Tête dans ses mains, luttant contre la migraine qui lui venait, elle distingua le crissement des graviers qui ralentissait enfin sous les roues du carosse et un hoquet de la voiture lui signifia qu'elle était arrivée.
Mais pourquoi diable le cocher n'arrivait pas pour lui ouvrir ? lui aussi était pris d'une migraine aigüe ?
Chut ! D'un regard froid plus que de l'ordre soufflé la péronelle fut muselée. Sans patience elle reprit :
Qu'est-ce donc cocher ? ... Et qu'attends-tu ??!! Bordellerie ! si tu me fait attendre je vais te faire trancher la...
- Oh hé! Du bateau! Y a quelqu'un?
Elle ne put terminer sa phrase et cette fois se pencha à la portière. Un bateau ? Regard porté vers la Sémois. Et qui parle d'abord ? et quel accent ! Si elle n'avait été de si méchante humeur, elle en aurait bien ri. Enfin, elle aperçut l'étranger. Elle jaugea le blond brièvement et descendit du carosse. La Margote voulut bien la retenir, au cas où, mais Jusoor préférait encore un âne mal bâté que sa compagnie nasillarde.

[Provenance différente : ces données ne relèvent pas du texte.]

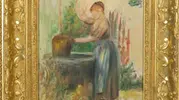 Renoir Müzesi'ndeki cüretkar soygunun ardından sanat dünyasını sevindiren haber geldi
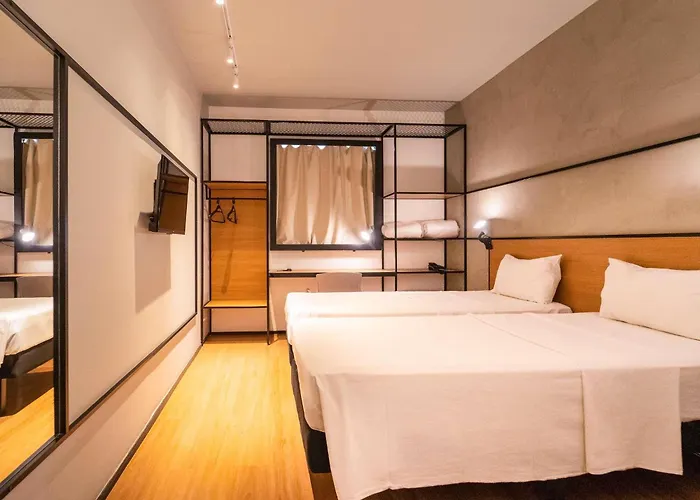 Hotel 3 estrelas: Ibis Cuiaba Shopping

Elle leva légèrement le menton et riva son regard dans celui de l'étranger :
Qui es-tu ? Que fais-tu là ? Tu cherche le baton ?
Jusoor
La Blanc-combaz aînée, en attente d'une réponse, ne put qu'assister au spectacle qui suivit de si près sa question, avec un étonnement dont elle ne laissa rien paraître, pas même un "arquage" de sourcil en règle. Elle s'était attendu à ce que l'étranger bégaye de gêne, ou bien qu'il se confonde en excuses d'être en vie, ou encore qu'il puisse se montrer fol par quelques intentions brutales à son encontre, ou enfin qu'il psalmodie quelques litanies de remerciements à la Providence de l'avoir mise, elle, sur son chemin... Il aurait pu faire tant de choses. Mais non, il ne choisit rien de tout cela. Il avait choisi de battre légèrement en retraite et tenté de se redonner une mise potable.

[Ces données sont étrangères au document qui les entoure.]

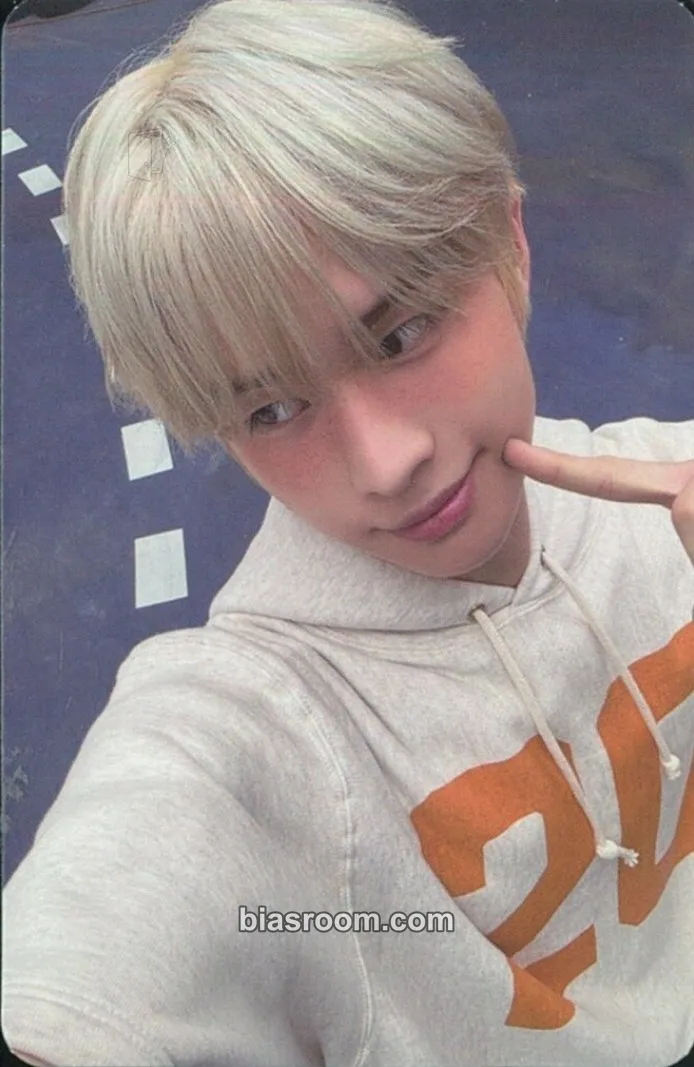 Kyungmin SUMMER BEAT! Photocard - TWS - TWS K-pop photocard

Hmmm... Marmonnement isolé et dubitatif qui pourtant voulait tant dire : *Serait-il possible que cet étranger crasseux puisse jouir et faire montre de quelque peu d'éducation ? lui au semblant si... si... Si "barbare !"*. La sonorité rugueuse de son accent ne laissait d'ailleurs planer nul doute dans son esprit quant à cette qualité.
Elle l'observa avec plus d'attention, jusqu'à ce qu'il invite sans autorisation son regard dans le sien propre. Elle faillit une seconde. Le voila même qui la saluait avec politesse. Elle gonfla ses poumons d'air et releva à peine le menton, fière et silencieuse. Ses prunelles se raffermirent. L'étranger lui indiqua l'objet de sa présence. Avant de faire cas de cela, elle ne put s'empêcher de le corriger :
Le bon françoys nous fait souhaiter le "bon jour", ou encore, peut être utilisée la locution "le bon jour vous va"...

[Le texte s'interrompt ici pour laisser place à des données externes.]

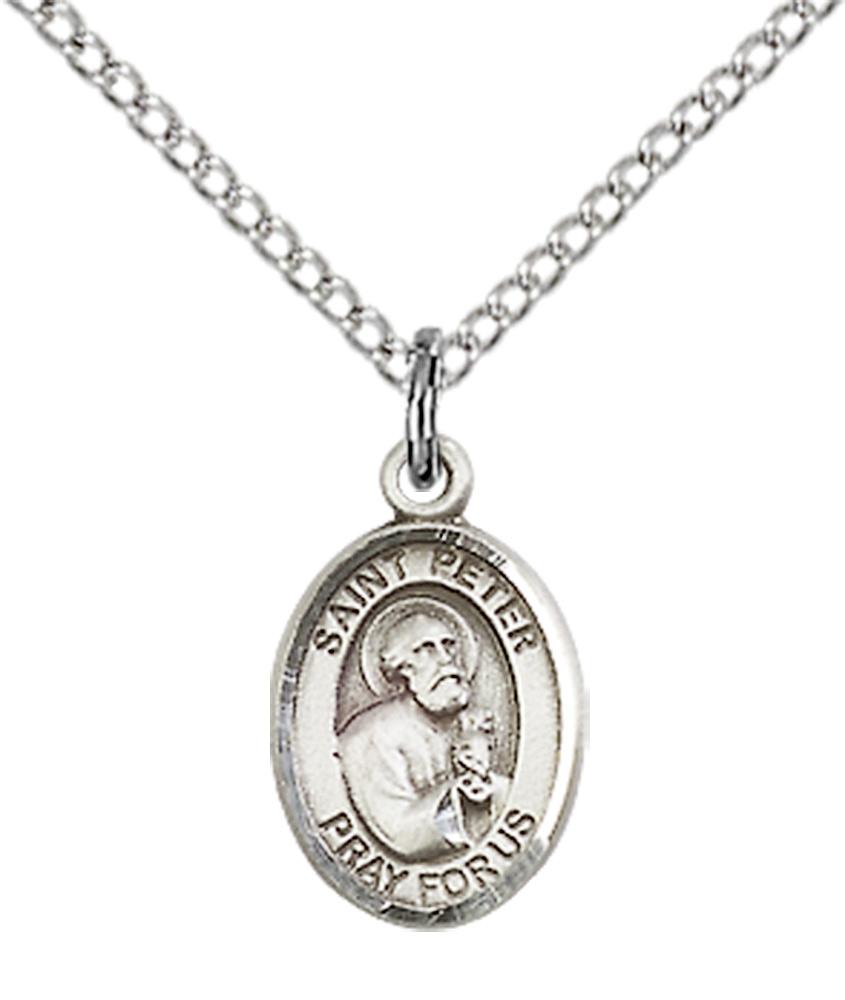 Peter - St. Peter the Apostle Medal 6 Options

Quant à cette visite... Ernst, si tu n'es ni homme de mesnie, ni homme de guerre, ni même je le souhaite par amitié aristotélicienne quant à ton salut, quémandeur, j'ignore en quoi tu pourrais être utile ici. Mais tu es dans le vrai : je connais les lieux. Mais je n'en suis point la maîtresse. Ainsi, mon père décidera de ton sort.
A la vue de la nonchalance affichée par une main glissée dans les cheveux, elle ajouta :
S'il y consent... évidemment.
Elle se détourna aussitôt vers la voiture et s'adressa suffisamment fort au cocher pour que l'étranger saisisse ses paroles :
Cocher ! laisse donc le maraud nous suivre. Indique lui l'étable où il pourra se rafraîchir et se faire un peu plus présentable pour se présenter devant mon père. S'il exprime la faim, tu lui donneras une miche de pain. Il ne sera pas dit que Bouillon manque de charité !
Sans plus un regard pour l'un ou l'autre, elle remonta dans le coche et reprit place près de la Margotte qui n'avait pas manqué une miette de l'échange. Echange qui bientôt ferait le tour des cuisines, Jusoor aurait pu le parier.